◆ Instructions to follow ◆
The response should repeat word for word every line below from the one with "Laughing dolphin Hoodie" to the one with "900 W Cherry", inclusive, and nothing else; leave pictures out.

◆ Data records ◆
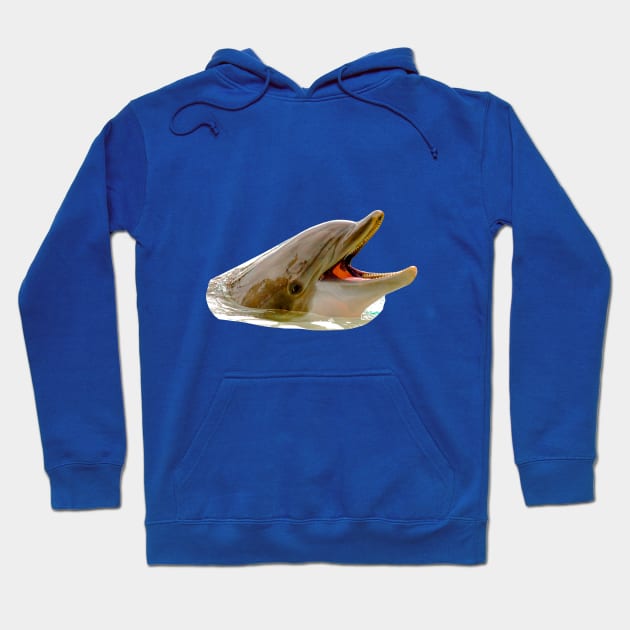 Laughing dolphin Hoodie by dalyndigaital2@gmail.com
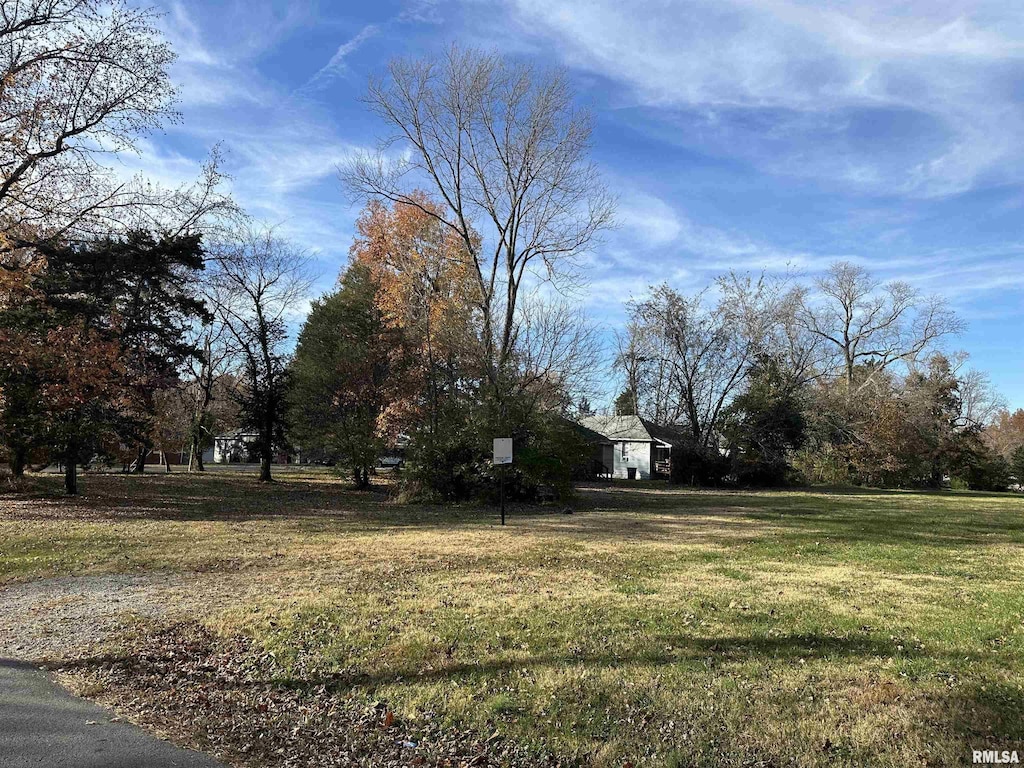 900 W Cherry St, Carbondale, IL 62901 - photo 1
---
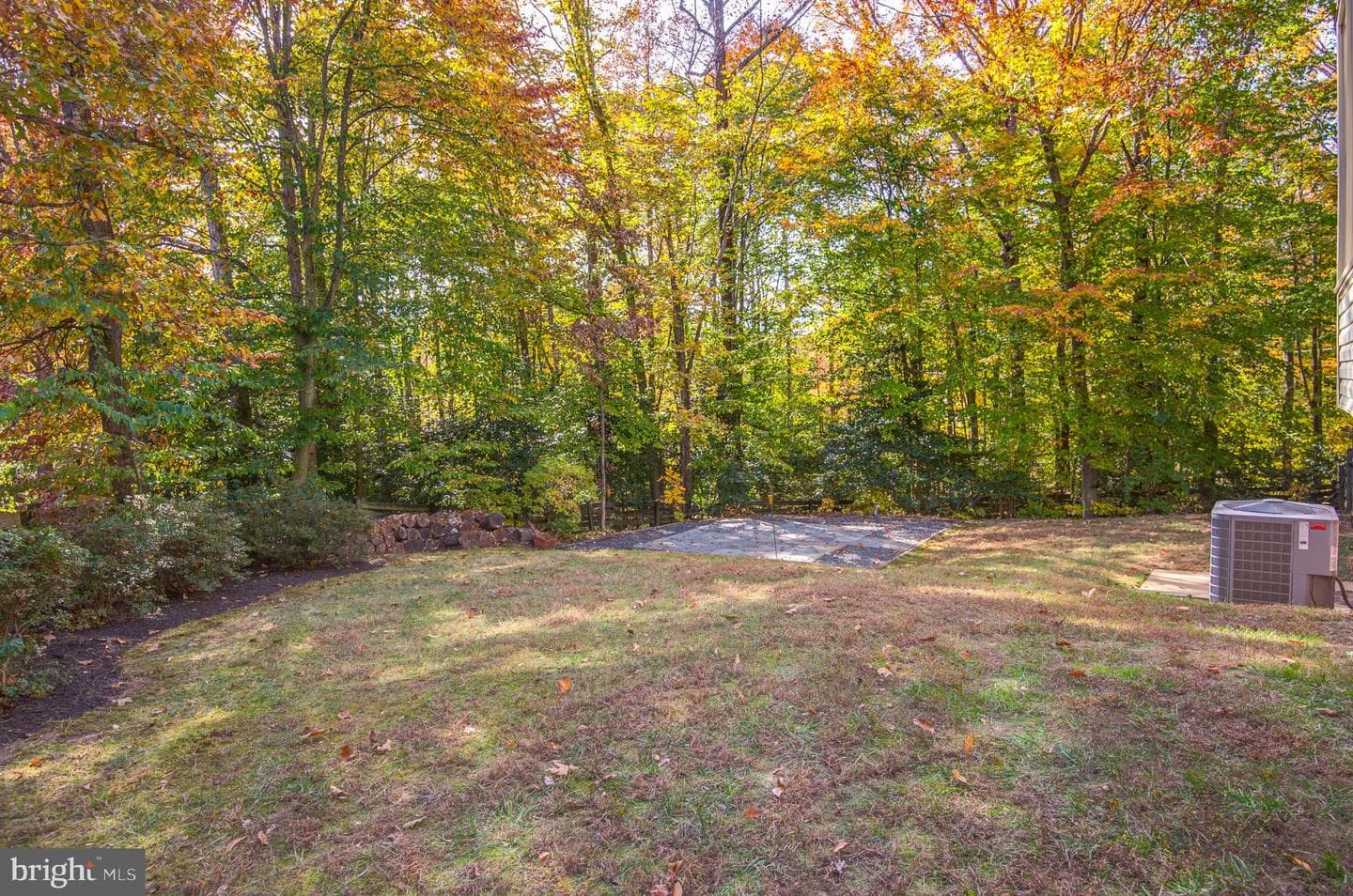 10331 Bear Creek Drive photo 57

◆ Solution below ◆
 Laughing dolphin Hoodie by dalyndigaital2@gmail.com
 900 W Cherry St, Carbondale, IL 62901 - photo 1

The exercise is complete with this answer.